You know what? I am having fun with encodings again!

Today is the big day: the latest development cycle of my project is finished and will be deployed. So I made a schedule what needs to be done pre-deployment. Running tests is up first. I was being more thorough than usual cleaning up things that usually don’t get cleaned up. I had noticed before that some tests had been failing. Didn’t seem like a big deal, because that happens a lot and I have not really been keeping the tests up to date. After all it’s just data samples and if more than 50% is okay, that’s fine with me. Yeah sure. Stupid.

Half an hour ago, my heart kinda stopped when I noticed that the tests that were failing all contained “Umlaute”. Not my first time. Of course I start checking wether it’s the shell or I broke my code or …. I knew that the database actually contained the “Umlaute” correctly, because that was one of the checks I remembered to do. So I tried to fix my bash (only half works somehow, don’t ask me what’s wrong, and I am already an hour behind my self-imposed schedule right now!) to no avail.

Next up: panic. Check the database – again. Umlaute there. Not good. More panic. Must deploy today. Must deploy.

Then: find out how to encode java strings … doesn’t quite help either because the shell still displays funny symbols and …. finally it hit me: the last database was utf-8 encoded what if this one wasn’t? Utf-8 isn’t the only encoding to support weird German letters. Strike.
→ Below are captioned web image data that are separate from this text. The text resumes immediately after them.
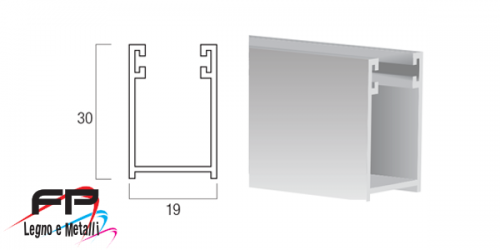 Guida in alluminio estruso A 19 30 x 19 mm
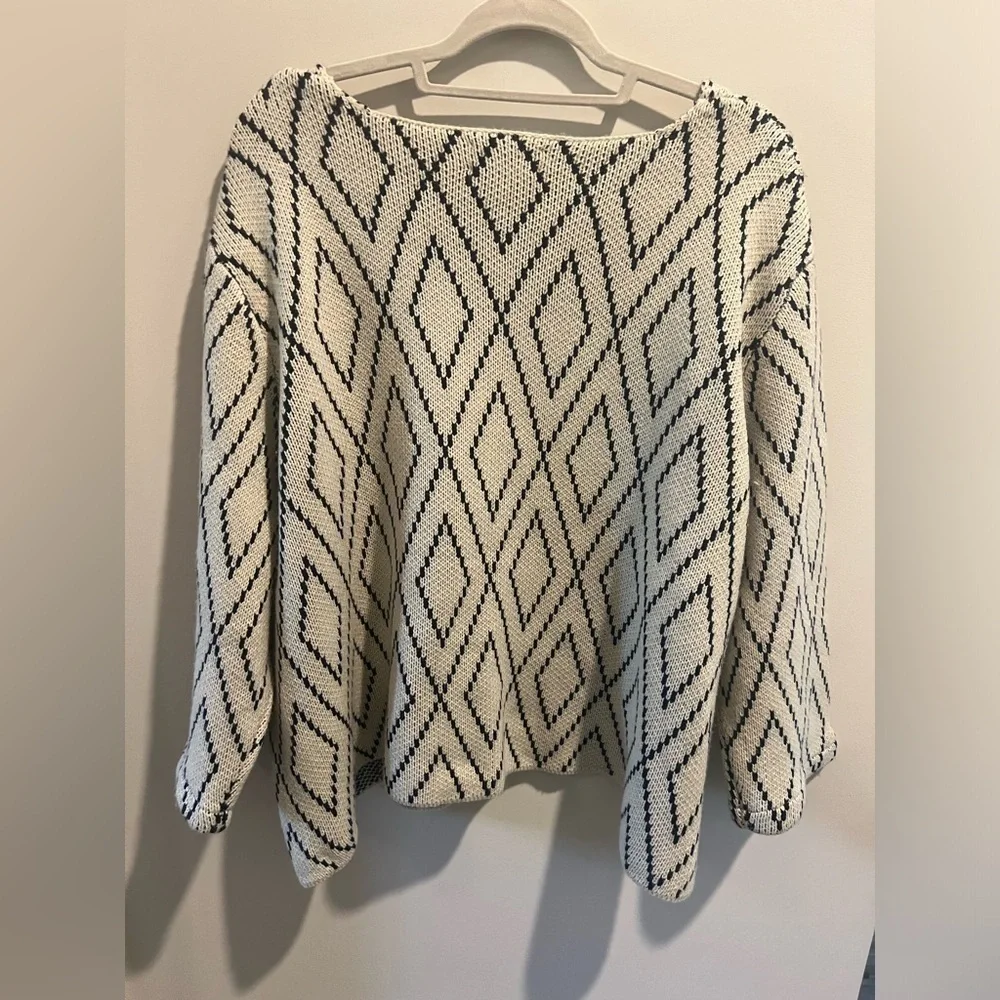 NORTH STYLE Navy and White Front Zip Cardigan with 3/4 Sleeves, 3X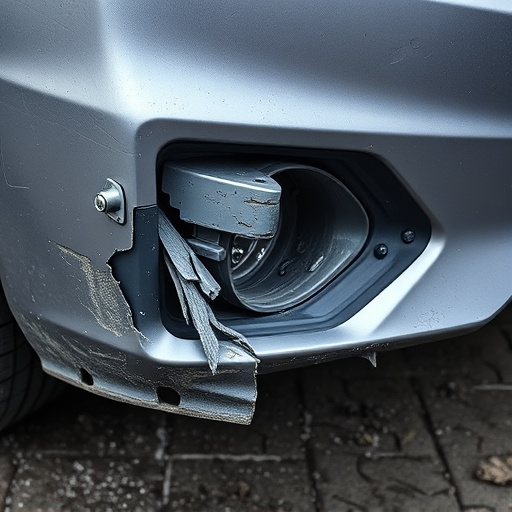damaged car bumper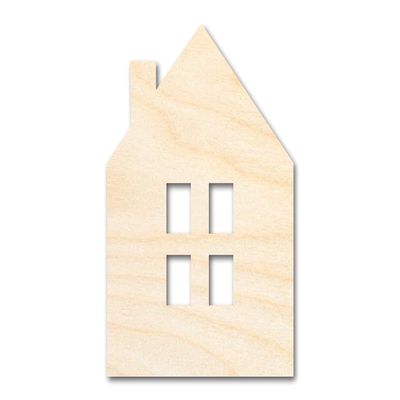 Unfinished Wood House Window Silhouette Shape | DIY Craft Cutout | Up to 36" 12" / 3/4"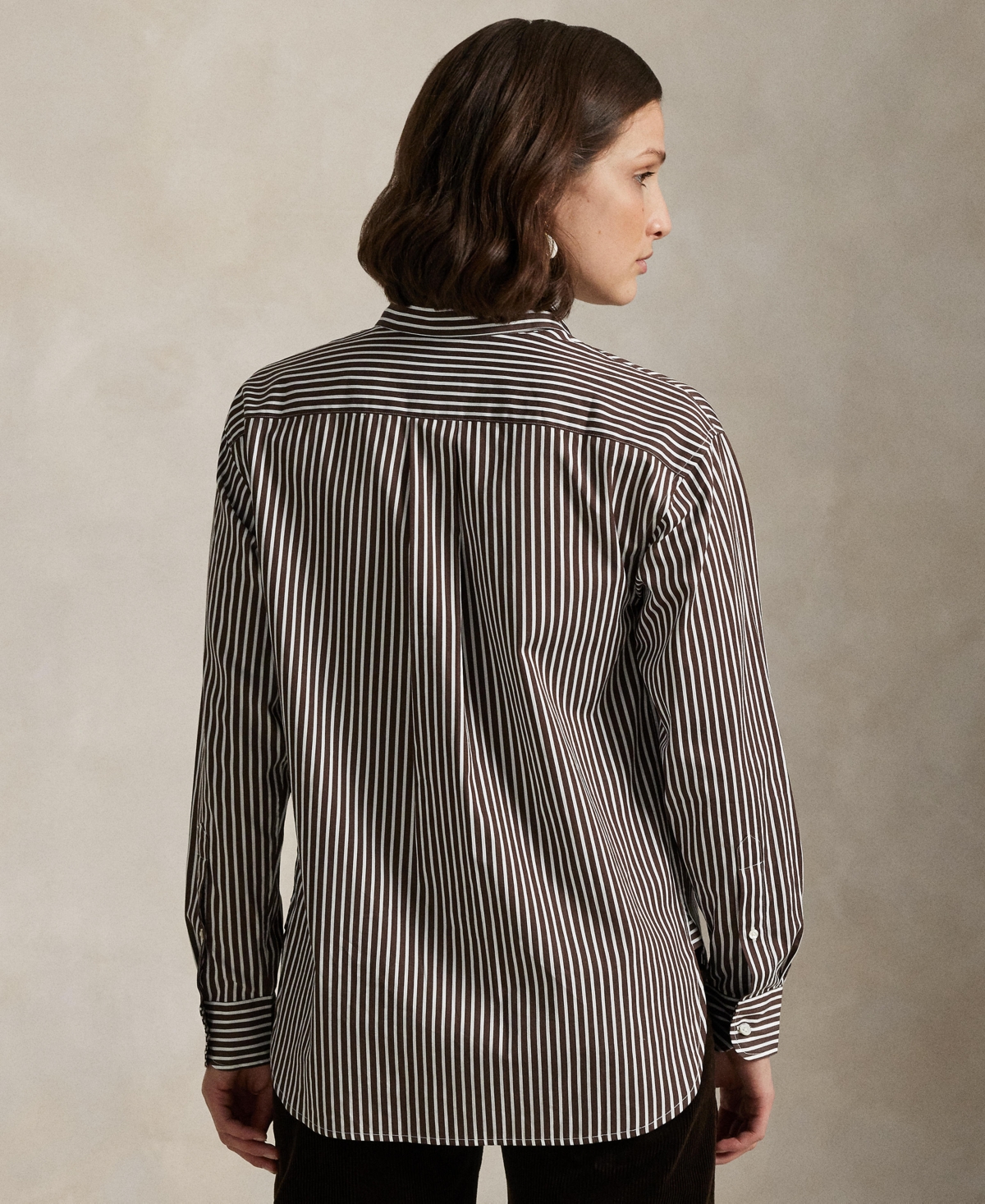 Polo Ralph Lauren Striped Cotton Poplin Blouse With Pointed Collar And Iconic Logo In Gray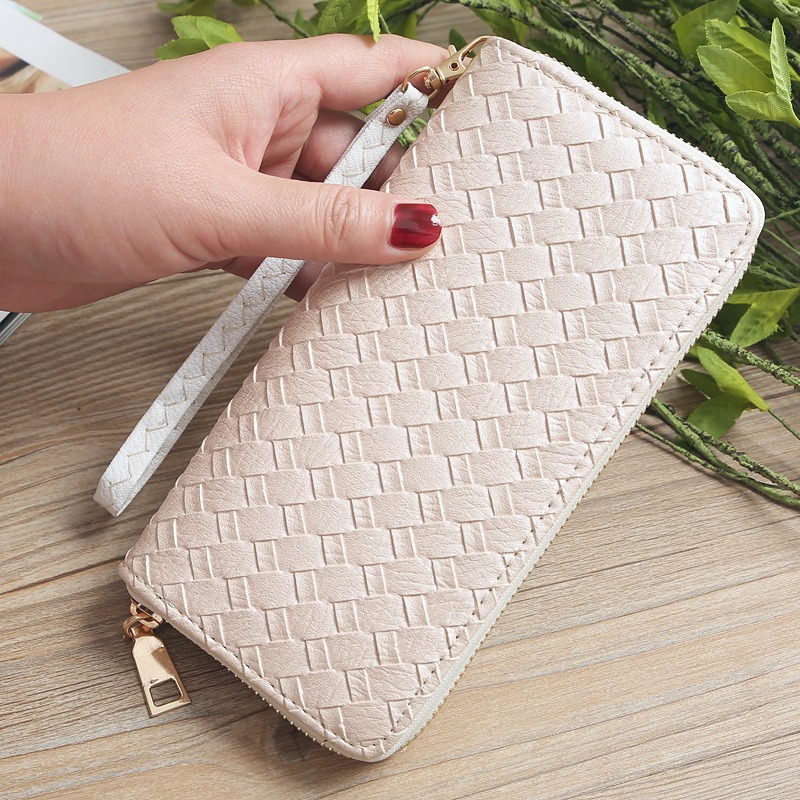 72g Weight Polyester Lining Material Zipper Closure Type Business Occasion Pu Leather Material Solid Color Pattern Unisex Gender Square Shape Khaki, Rose Red, Pink, Purple, Blue, Silver, Bronze, Black Color Korean Woven Pattern Wallet 1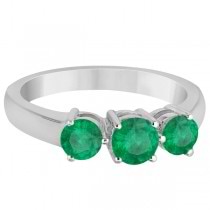 Three Stone Round Emerald Gemstone Ring in 14k White Gold 1.50ct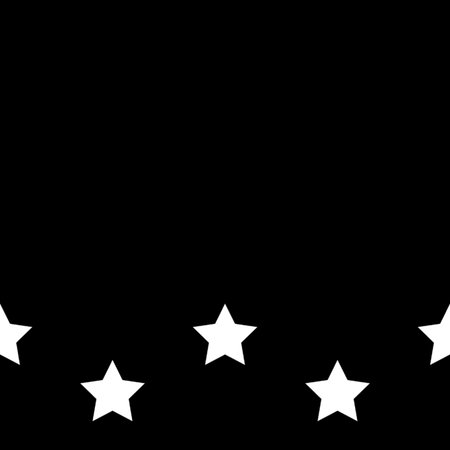 Black and white stars pattern on black background. Vector seamless illustration.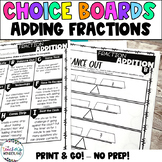 4-5th Grade- Fraction Addition Math Menus - Choice Boards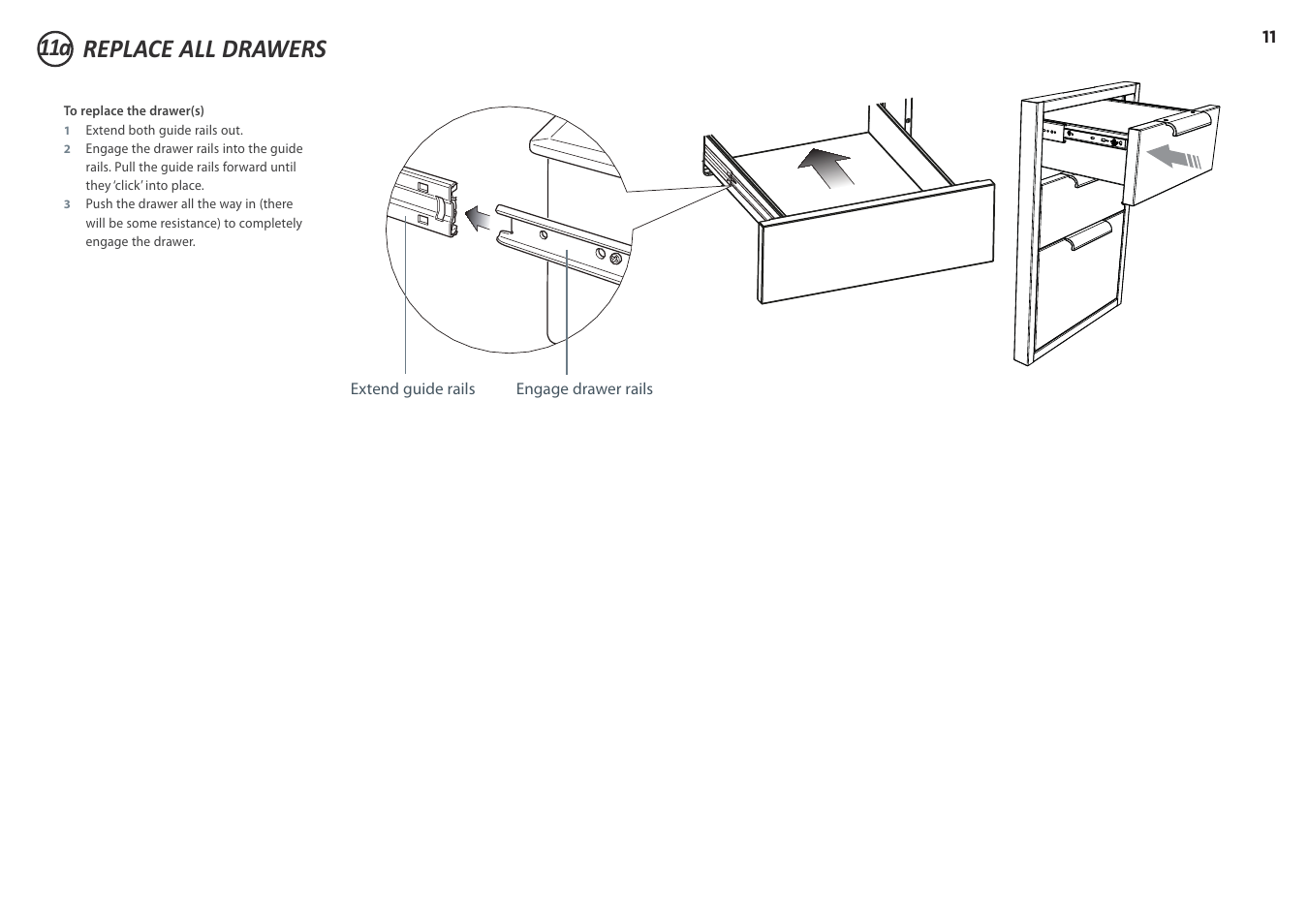 Replace all drawers | DCS 20 Inch Built-in Outdoor Storage Drawer: Single Drawer Installation Instructions User Manual | Page 11 / 40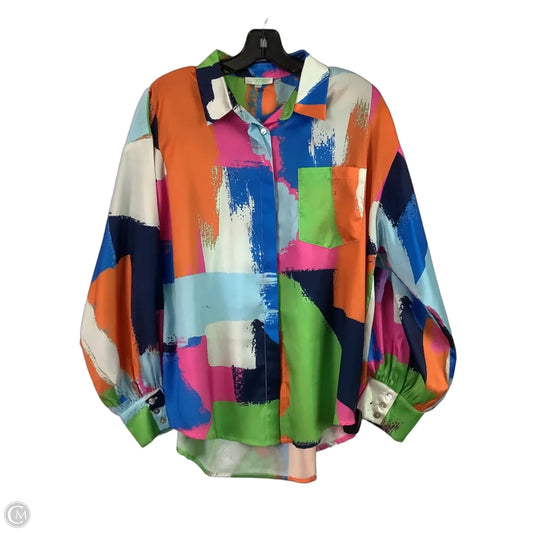Top Long Sleeve By Jade In Multi-colored, Size: L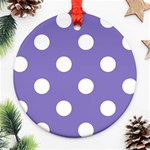 Polka Dots - White on Ube Violet Round Ornament (Two Sides)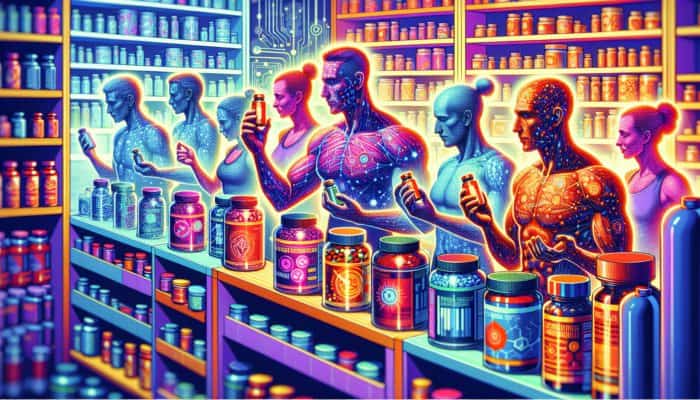 Diverse people in a modern gym selecting colorful fat-burning supplements, each examining a unique bottle for personalized weight loss.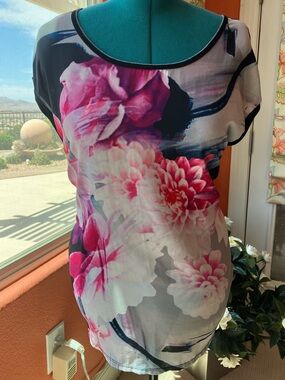 Edista Pink and White Floral Accents soft mesh overlay with Black back 1X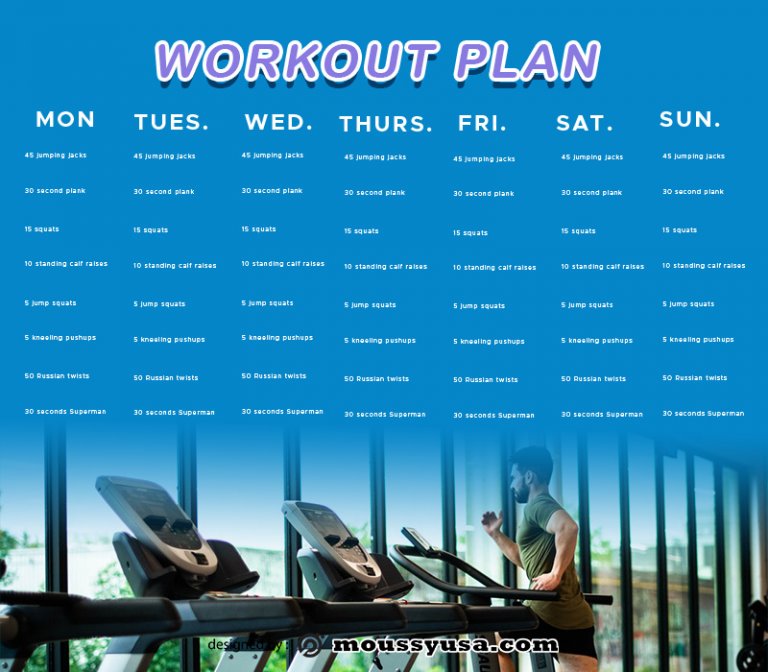 Printable Workout Plan Template Free Psd Mous Syusa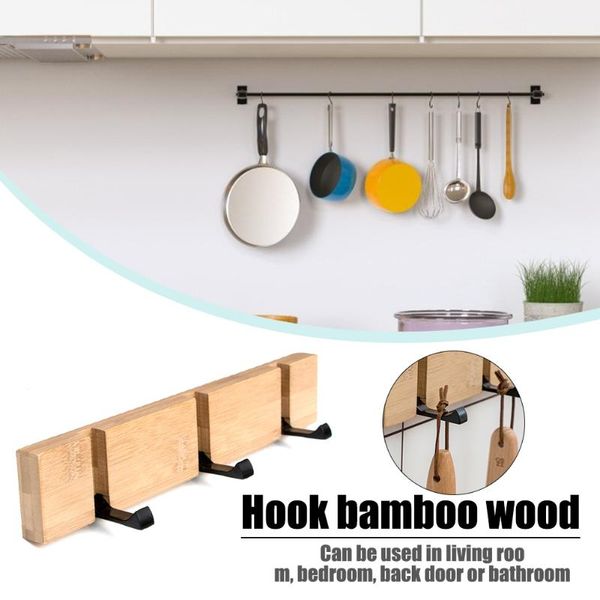 

hooks & rails wall mounted coat hook wooden rack clothes robe towel hanger hat bag living bedroom bathroom storage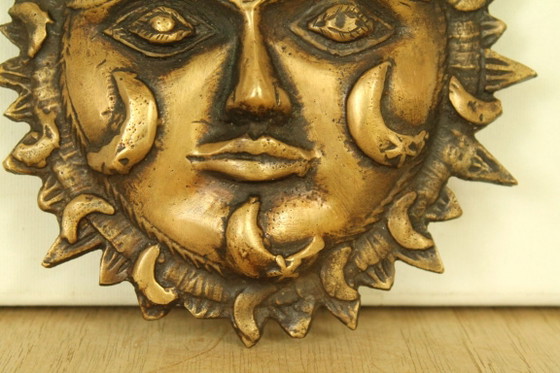 Placca murale Surya Dio del Sole – Handmade India – Ottone – Decorazioni murali, Rame (photo 5 of 9)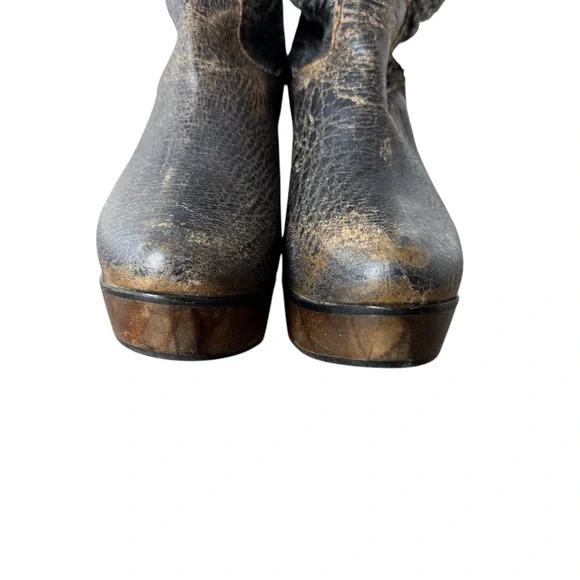 Bed Stu Bruges Distressed Knit Wedge Leather Bootie 6.5 - Picture 6 of 12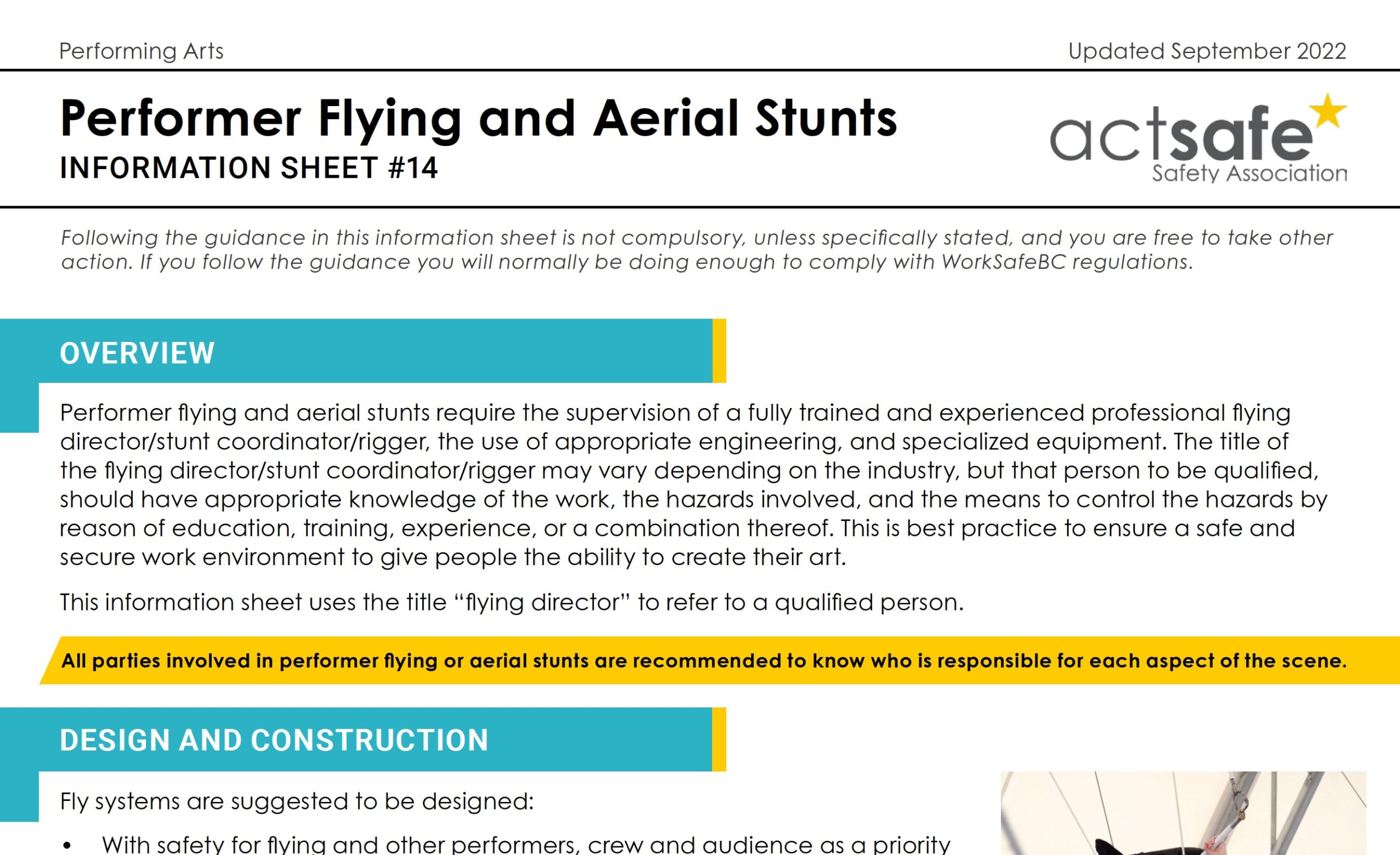 #14 Performer Flying & Aerial Stunts Performing Arts Safety Bulletin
The database is iso-8859-1 encoded and with my new-found java string conversion skills I could easily test that that had indeed been the problem: I put all the “Umlaute” in my test-code as unicode characters which of course didn’t fit too well with the database.

The Law of Encodings: encodings are never handled smartly and if there are more than two parts involved they will use different encodings by default!